= Hottentottilaulu =

1961 song performed by Maikki Länsiö

Hottentottilaulu (Finnish for "The Hottentot song") is a Finnish language version of the song Visen om vesle Hoa written by the Norwegian songwriter-author Thorbjørn Egner. The song was translated to Finnish by Jukka Virtanen and the music was composed by Olli Heikkilä.

==Song==

The song is about a Hottentot boy Huua Kotti, "black as soot", living in Africa along the Chickadua river.

Asui kerran Afrikassa Chickadua-joella, pikkupoika Huua Kotti musta kuin pesty noella. Ei ollut puettu Kallen tavoin, kulki melkein paljain navoin. Siten kulki Huua Kotti, hän oli oikea hottentotti.

Once upon a time there lived a small boy Huua Kotti in Africa along the Chickadua river, black as if washed with soot. He was not dressed like Kalle, he went almost with his belly button bare. So went Huua Kotti, he was a real Hottentot.

The song was first published in 1961, when it was performed by Maikki Länsiö and Esa Saario. Later recordings of the song have been made by Vesa-Matti Loiri, Markku Suominen, Veltto Virtanen and Tuomari Nurmio, among others.

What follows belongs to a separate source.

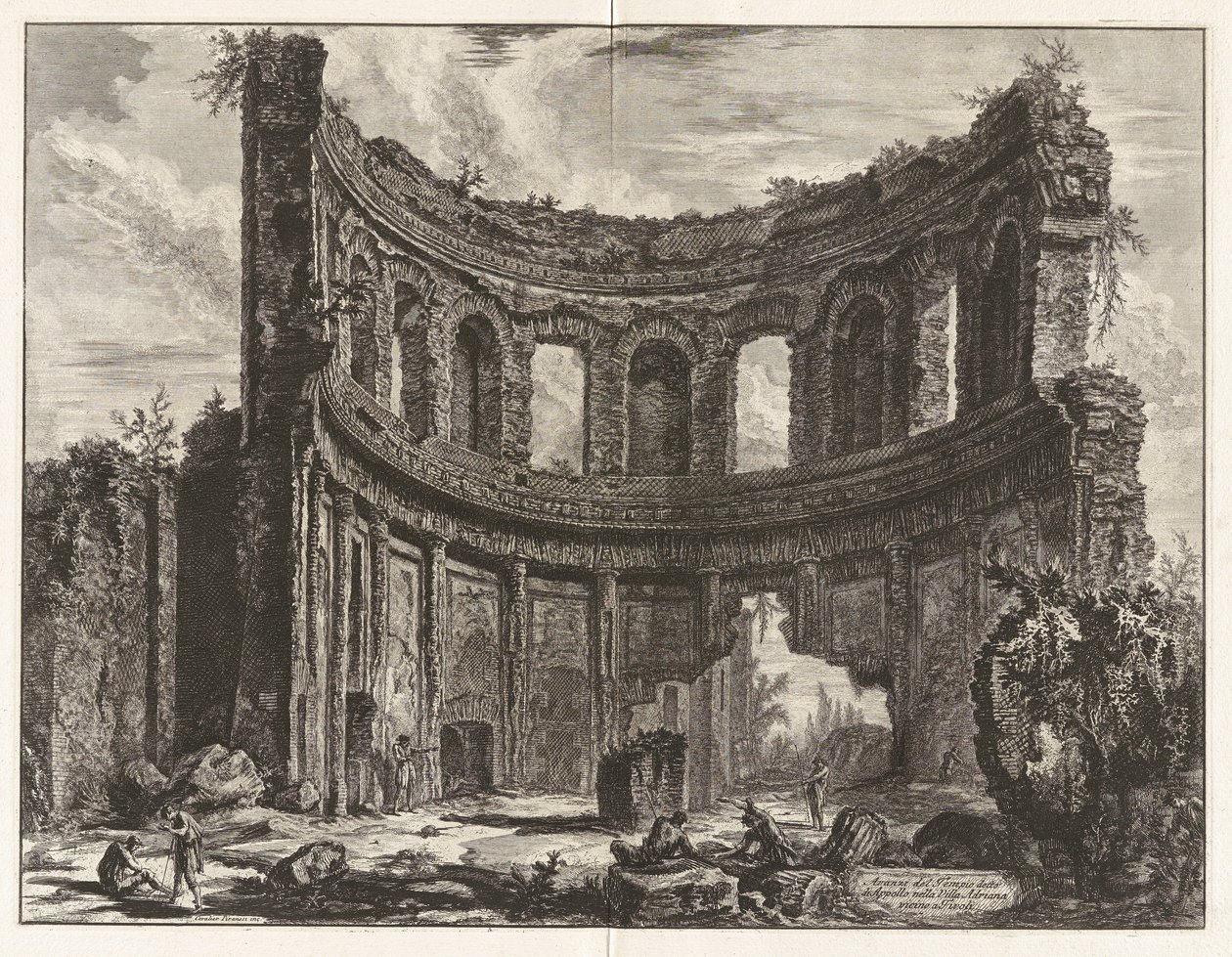 Overblijfselen van de Tempel die wordt gezegd van Apollo te zijn in Hadrianus door Giovanni Battista Piranesi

According to the Helsinki City Library, the Hottentots are portrayed in the song as happy, childlike and harmless fairytale characters. The details describing the tribe's habits and living conditions are largely fictitious, for example the names are fictitious and bamboo, mentioned in the song, grows mainly in Asia. The song has been viewed as misleading or downright derogatory.

==Controversy==
In March 2010 the song caused controversy, when Member of the Parliament of Finland Pertti "Veltto" Virtanen performed the Hottentottilaulu on a True Finns party cruise. The cruise hostess interrupted Virtanen's performance, as it was viewed as racist. Virtanen later accused the cruise hostess who had interrupted him of "racism". Later, Viking Line announced that the reason for the interruption had been Virtanen's derogatory and tactless comments about the other passengers.